Com Elizabeth Moss atuando ao lado de Wagner Moura, nova série já está sendo considerada a grande obra das produções atuais da linha true crime

Texto por Taís Zago
Foto: Apple TV+/Divulgação
A nova série do streaming da maçã é uma adaptação do thriller literário publicado em 2013 e escrito pela sul-africana Lauren Beukes. E falar isso já é quase um spoiler para os mais atentos. A dificuldade maior aqui é exatamente resenhar decentemente uma obra, que de tão genial, não permite entregar quase nenhum fato de seu enredo sem estragar a experiência.
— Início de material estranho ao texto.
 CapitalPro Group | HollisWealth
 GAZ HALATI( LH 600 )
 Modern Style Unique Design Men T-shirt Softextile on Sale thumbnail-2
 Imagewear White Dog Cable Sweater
Iluminadas (Shining Girls, 2022 – Apple TV+) inicia como um true crime bastante tradicional: no ano de 1964 um sujeito com cara de psicopata aborda uma menina na frente de sua casa. Imediatamente soam os nossos alarmes de que um processo de grooming parece estar em andamento. Pelo comportamento desconfiado da menina, a investida parece ter sido infrutífera. Porém, o assediador não se mostra decepcionado com o resultado. Nós, espectadores, já ficamos com a pulga atrás da orelha.
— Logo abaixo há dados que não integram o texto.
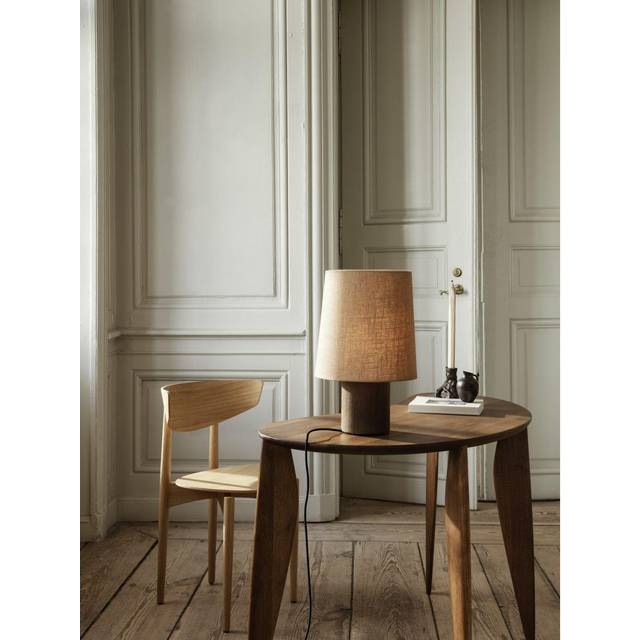 ferm LIVING Feve - bild 4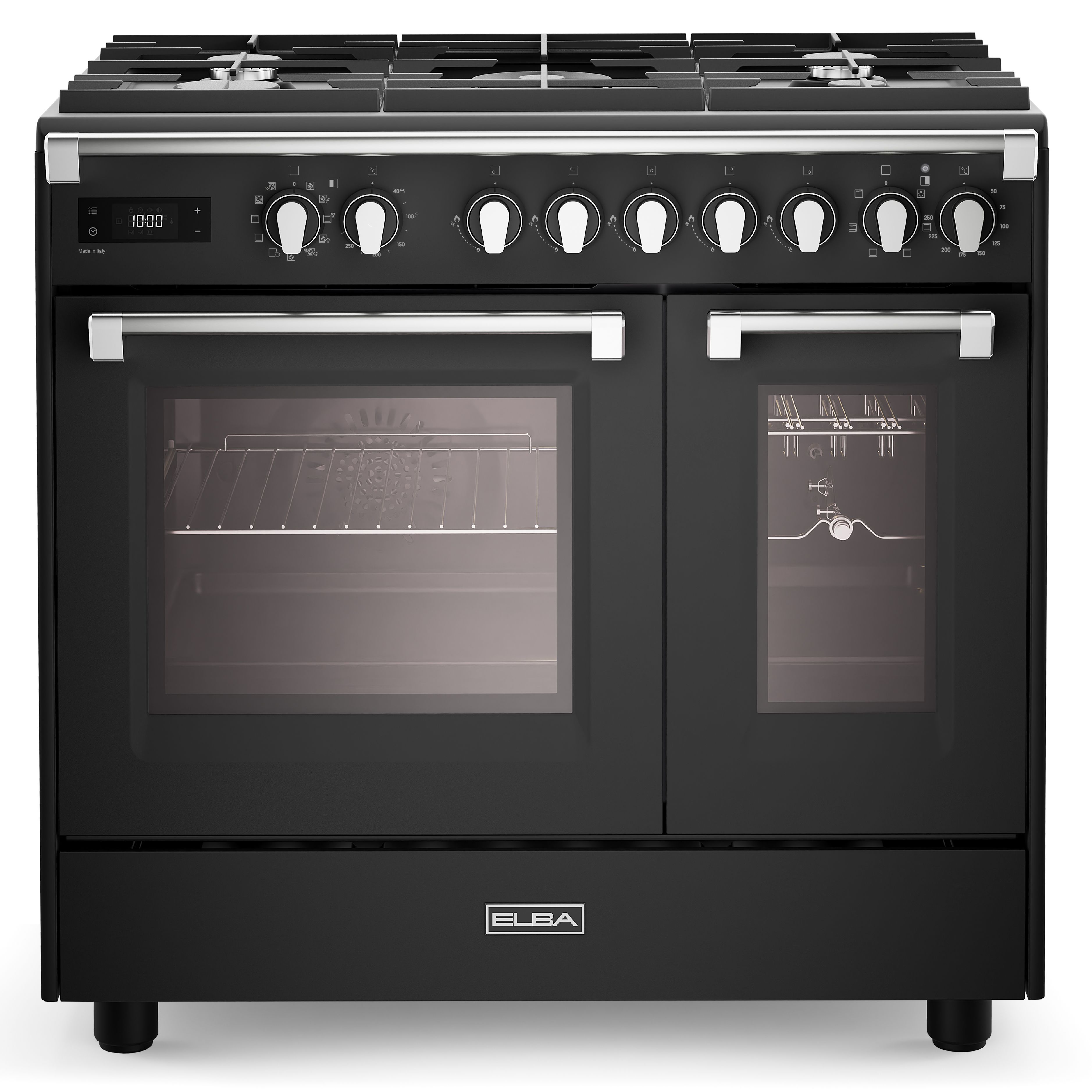 ELBA EBS965TMAA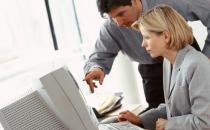 办公族久坐成疾 7招新技能远离“坐家”烦恼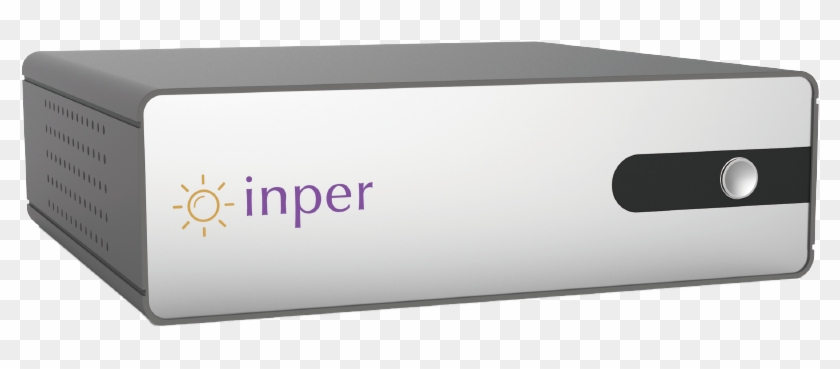 Home - Data Storage Device Clipart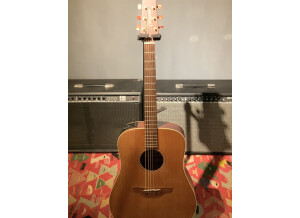 Gibson SG Standard (60875)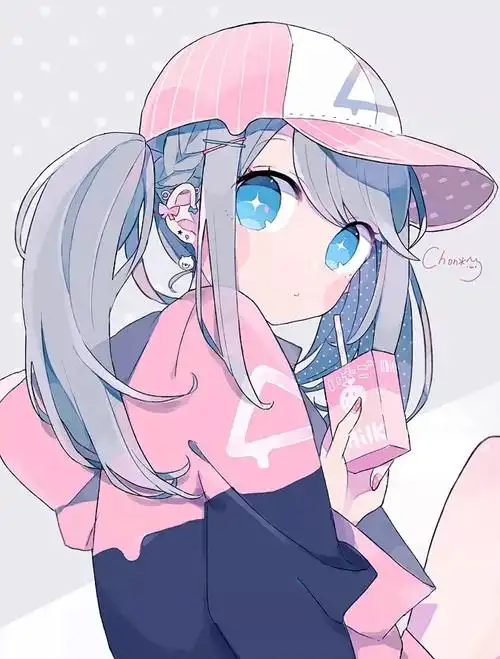 封神第一部：朝歌风云 电影海报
Num pulo para 1992 – e aqui mais uma vez temos os anos 1990 como a grande tendência da escolha temporal nas produções atuais – reencontramos a menina Kirby, interpretada por Elisabeth Moss, e o abusador Harper Curtis, incorporado por Jamie Bell. Harper parece seguir seu longo caminho de abusador perseguindo e stalkeando possíveis vítimas, agora mulheres adultas. Já Kirby é apresentada como uma moça tímida e reservada que trabalha no arquivo do jornal Chicago Tribune – atividade, aparentemente, bastante protocolar e entediante. Ela parece viver com a mãe, Rachel (Amy Brenneman) uma espécie de Patty Smith noventista que vive da música. Kirby cuida da mãe, os papeis são invertidos. Ela também luta para superar as sequelas de um ataque que sofrera há seis anos, que quase custou sua vida e a deixou com uma aparente síndrome de estresse pós-traumático.
Até aqui não temos absolutamente nada de novo – todas as situações parecem a praxe em um drama ou suspense. Mas as aparências nos enganam e logo somos jogados em um espiral de situações que tiram o chão. A realidade de Kirby não tem nada de rotineira e monótona. Bem pelo contrário: no melhor estilo Russian Doll (série da Netflix), os acontecimentos se atropelam, os cortes temporais nos atordoam, as realidades se misturam e a cada cinco minutos parece que estamos diante de personagens diferentes em uma outra série. A confusão mental da protagonista vira a nossa confusão. Estamos perdidos dentro da história e assim continuaremos por um bom tempo. Isso faz de Iluminadas uma obra bastante difícil de ser acompanhada e que definitivamente não é daquelas que podemos assistir enquanto mexemos no celular ou com burburinho ao redor. É o tipo de obra que devoramos para que ela não nos devore.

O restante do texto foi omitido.